The novel SARS-CoV-2, which manifests as COVID-19, has led to a global pandemic.1 Older age, male sex, obesity and pre-existing health conditions such as diabetes and hypertension have all been identified as risk factors for poor outcomes.2–4 A disproportionate impact of disease severity and death on people from black, Asian and minority ethnic (BAME) backgrounds has been reported, though not consistently. The UK Intensive Care National Audit and Research Centre (ICNARC) noted that while BAME groups only make up 14% of the UK population, they comprised 33% of COVID-19 patients on intensive care units (ICUs).5 The degree of this excess risk also appears to differ across, and within, these heterogeneous ethnic groups. In the UK, recent analyses of data from the Office of National Statistics and National Health Service (NHS) England described 2.5-fold to 4.3-fold greater COVID-19 mortality rates, compared with white groups, across a range of black and South Asian ethnic groups.6 Whether this adverse association is driven by underlying comorbid disease, socioeconomic inequality, genetic factors or a complex interplay of them all is unclear.7 Current data are limited in either number of COVID-19 patients, ethnic diversity or event rates with limited adjustment for known risk factors and potential predictors.8–12 There is an urgent need for the detailed characterisation of ethnic differences in COVID-19 outcomes and associated risk factors, within diverse populations, to inform practice and policy. Identifying and responding to these ethnic inequalities will be key to mitigating the disproportionate impact of COVID-19 on BAME patients.

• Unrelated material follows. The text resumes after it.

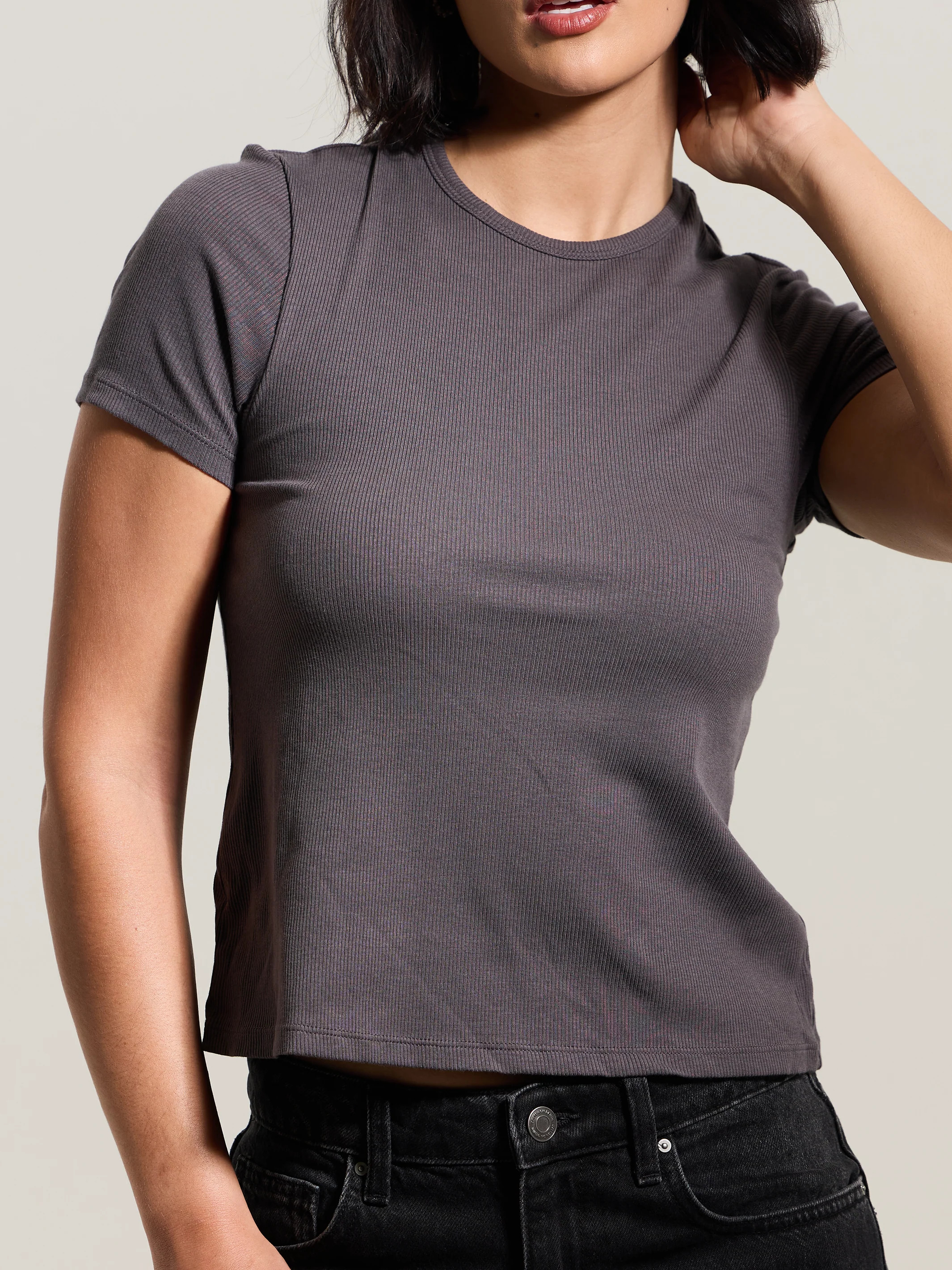 Bamboo Crew Neck T-Shirt Brami | Klassy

Barts Health NHS Trust is the largest NHS trust in the UK, comprising six hospitals; The Royal London Hospital, Newham General Hospital, Whipps Cross Hospital, Mile End Hospital (non-acute), St Bartholomew’s Hospital and the London NHS Nightingale Hospital, a purposely built COVID-19 hospital. The hospitals serve the ethnically diverse and socially deprived communities of over 2.6 million people in east London including the London Borough of Newham which experienced 144.3 COVID-19-related deaths per 100 000 population,13 the highest mortality in the UK and Tower Hamlets which has the largest Bangladeshi population in England.14 This large, regional dataset afforded extensive analyses of COVID-19 patients of a higher acuity than other studies. We aimed to examine the demographic, socioeconomic, behavioural, biochemical and clinical risk factors associated with outcomes within different ethnic groups of hospitalised COVID-19 patients, using multivariable survival analyses.

Methods

Study population

We considered all patients with confirmed SARS-CoV-2 infection and admitted to the five acute hospitals within Barts Health NHS Trust between 1 January and 13 May 2020. Diagnosis was made using one or more real-time PCR. Those under 16 years were excluded. The first emergency admission encompassing the first positive SARS-CoV-2 test, or the first emergency admission within 2 weeks of positive outpatient testing was defined as the index admission, community diagnoses without an associated emergency hospital admission were excluded. Patients with unknown or undisclosed ethnicity status were collected for comparison but were not included in our primary ethnicity analysis.

Data collection

Clinical and demographic data, blood results and coding data from current and prior clinical encounters, were collated from the Barts Health Cerner Millennium Electronic Medical Record (EMR) data warehouse and locally held ICNARC databases by members of the direct clinical care team. Mortality data was available to 20 May 2020.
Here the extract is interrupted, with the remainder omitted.